Market Sizing Explained: TAM, SAM, SOM & Earlyvangelists (EVG)

Why Market Sizing Matters

Whether you’re an investor evaluating a pitch deck, a founder mapping growth, or an executive planning expansion, understanding a market’s true potential is crucial.

Market sizing provides the framework to estimate opportunities, set realistic goals, and secure investor confidence.

Market sizing involves three key metrics—TAM, SAM, and SOM—plus a fourth, often overlooked concept: Earlyvangelists (EVG).


What is TAM in Market Sizing?

TAM (Total Addressable Market) represents the maximum revenue opportunity if your company captured 100% of the market. It’s the broadest estimate of potential demand.

Example: For an AI-powered personal assistant, TAM could include global spending on human assistants, productivity software, and existing digital assistants.

Why it matters: TAM shows long-term growth potential and signals whether an industry is big enough to attract investors and support multiple players.

What is SAM in Market Sizing?

SAM (Serviceable Available Market) is the portion of the TAM that your business can realistically target based on geography, product features, and business model.

Example: For the AI assistant, the SAM could be digital assistants used by small business owners in the US and UK.

Why it matters: SAM refines the opportunity into a realistic target, forming the basis for short-term projections and strategic planning.

What is SOM in Market Sizing?

SOM (Serviceable Obtainable Market) is the slice of SAM your business can realistically capture within 1–3 years, factoring in competition, sales capacity, and marketing resources.

Example: If the AI assistant company expects to capture 2% of the US/UK small business digital assistant market in two years, that 2% is its SOM.

Why it matters: SOM informs tactical planning, investor confidence, and achievable sales targets.


Beyond the Trio: Earlyvangelists (EVG)

Earlyvangelists are more than early adopters. They are your first customers with urgent, unsolved problems, budget authority, and a willingness to test new solutions.

Key Traits of Earlyvangelists:

  • Deep awareness of the problem
  • Actively seeking solutions
  • Budget and authority to buy
  • Willingness to tolerate imperfections
  • Evangelistic promotion if satisfied

Why they matter: EVGs validate product-market fit, provide early revenue, offer valuable feedback, and help generate organic growth.


How to Calculate Market Size: Top-Down vs Bottom-Up

Top-Down Approach

  • Method: Start with broad industry data, then narrow by filters (e.g., geography, product type).
  • Example: Start with global auto market → EV share → sedan/SUV share → target region.
  • Pros: Fast, useful for TAM.
  • Cons: Risk of overestimation.

Bottom-Up Approach

  • Method: Build from customer-level data: number of potential buyers × average revenue per user.
  • Example: For SaaS, estimate companies × users per company × subscription fee.
  • Pros: More accurate for SAM/SOM, customer-driven.
  • Cons: Requires detailed research.

Best practice: Combine both methods.
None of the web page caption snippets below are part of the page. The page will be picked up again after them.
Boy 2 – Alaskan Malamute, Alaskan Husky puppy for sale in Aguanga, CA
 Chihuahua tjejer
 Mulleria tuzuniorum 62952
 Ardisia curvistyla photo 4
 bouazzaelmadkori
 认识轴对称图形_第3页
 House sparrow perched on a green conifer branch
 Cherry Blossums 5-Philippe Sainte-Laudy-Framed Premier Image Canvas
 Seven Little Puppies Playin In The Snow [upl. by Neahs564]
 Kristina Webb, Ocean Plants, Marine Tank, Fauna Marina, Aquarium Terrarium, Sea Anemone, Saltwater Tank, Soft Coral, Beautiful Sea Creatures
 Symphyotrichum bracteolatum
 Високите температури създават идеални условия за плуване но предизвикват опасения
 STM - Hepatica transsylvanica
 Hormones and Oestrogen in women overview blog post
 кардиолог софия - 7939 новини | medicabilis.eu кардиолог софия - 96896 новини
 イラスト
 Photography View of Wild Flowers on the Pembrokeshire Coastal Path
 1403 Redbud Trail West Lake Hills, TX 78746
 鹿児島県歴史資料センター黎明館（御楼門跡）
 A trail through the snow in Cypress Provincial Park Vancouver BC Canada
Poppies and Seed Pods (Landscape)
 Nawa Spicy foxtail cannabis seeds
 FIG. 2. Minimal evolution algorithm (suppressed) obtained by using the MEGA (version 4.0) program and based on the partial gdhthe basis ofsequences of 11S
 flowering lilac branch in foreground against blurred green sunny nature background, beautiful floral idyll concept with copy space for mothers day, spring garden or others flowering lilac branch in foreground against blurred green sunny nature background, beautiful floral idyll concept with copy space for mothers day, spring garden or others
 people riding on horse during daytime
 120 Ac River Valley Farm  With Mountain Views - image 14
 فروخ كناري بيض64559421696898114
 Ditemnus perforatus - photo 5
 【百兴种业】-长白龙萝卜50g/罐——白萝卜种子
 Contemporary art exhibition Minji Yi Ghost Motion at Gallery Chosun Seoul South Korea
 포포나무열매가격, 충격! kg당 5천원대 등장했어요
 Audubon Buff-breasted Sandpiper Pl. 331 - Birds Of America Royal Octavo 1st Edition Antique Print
Use top-down for TAM estimates and bottom-up for SAM/SOM validation.


Why These Metrics Are Important

For Investors:

  • TAM: Long-term growth potential
  • SAM: Near-term opportunity validation
  • SOM: Execution feasibility
  • EVG: Proof of demand and traction

For Founders & Startups:

  • Idea validation & strategic focus
  • Resource allocation and fundraising
  • Early customer feedback loops

For Established Companies:

  • New product launch feasibility
  • Market expansion opportunities
  • Competitive benchmarking
  • Long-term strategy and M&A planning

Common Market Sizing Pitfalls

  • Markets shift: Technology, regulation, and consumer behavior change rapidly.
  • Assumptions drive results: Always state assumptions clearly.
  • Data quality varies: Use reputable sources and primary research.
  • Size ≠ Profitability: A large TAM doesn’t guarantee profit; consider competition and costs.

FAQs on Market Sizing

Q: What is the difference between TAM, SAM, and SOM?
A: TAM is total market demand, SAM is the portion you can serve, and SOM is the realistic share you can capture.

Q: How do you calculate market sizing?
A: Use a top-down approach (start broad, narrow down) or a bottom-up approach (customer-level estimates). Combining both works best.

Q: Who are Earlyvangelists (EVG)?
A: They are early customers with urgent problems, budget, and willingness to adopt and promote your product.

Q: Why do investors care about TAM, SAM, and SOM?
A: These metrics show market potential, realistic revenue opportunities, and execution strategy.


Bringing It All Together

  • Start Broad (TAM): Validate big-picture potential.
  • Get Realistic (SAM): Define the segment you can serve now.
  • Be Tactical (SOM): Set achievable near-term goals.
  • Fuel Growth (EVG): Engage your first passionate customers.

Market sizing isn’t just about numbers - it’s about strategy, validation, and execution.